'Special Report' Panel on Obama Promises and NFL Bias

This is a rush transcript of "Special Report With Bret Baier" from October 15, 2009. This copy may not be in its final form and may be updated.

(BEGIN VIDEO CLIP)

BARACK OBAMA, (D) PRESIDENT OF THE UNITED STATES OF AMERICA: I'm going to h ave this televised on C-Span, the negotiations, so that if you see a member of Congress who is carrying the water of the drug companies instead of carrying your water, you will be able to hold them accountable.

(APPLAUSE)

Members of both parties will be involved in t he negotiations but we will do it on C-Span. We will do it in a transparent way so that you're enlisting the American people to get involved in the process.
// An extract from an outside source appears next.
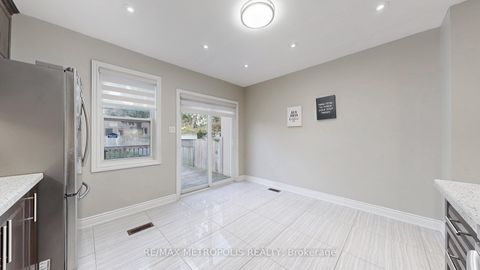 Photo 13 at 461 Warden Avenue, Oakridge, Toronto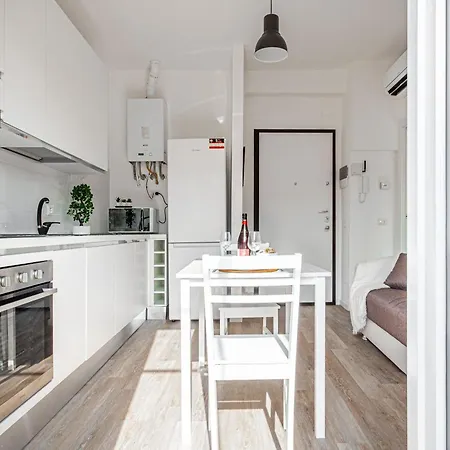 Апартаменты Joivy Sublime Flat With Balcony Милан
JOHN BOEHNER, (R-OH) HOUSE MINORITY LEADER: Both on the House and Senate side, this bill is being written in the dark of night. The president ought to keep his promise to the American people and open this process up.

(END VIDEO CLIP)

BAIER: So far, C-Span hasn't gotten that call. This negotiation about the health care reform legislation is happening behind closed doors for the second day in a row.

What about it and what about Republicans taking to the floor talking about the price, the cost? Let's bring in our panel, Fred Barnes, Executive Editor of "The Weekly Standard," Mara Liasson, national political correspondent of National Public Radio, and the syndicated columnist Charles Krauthammer.

Mara, did they get anyplace with this transparency argument? Does it score points?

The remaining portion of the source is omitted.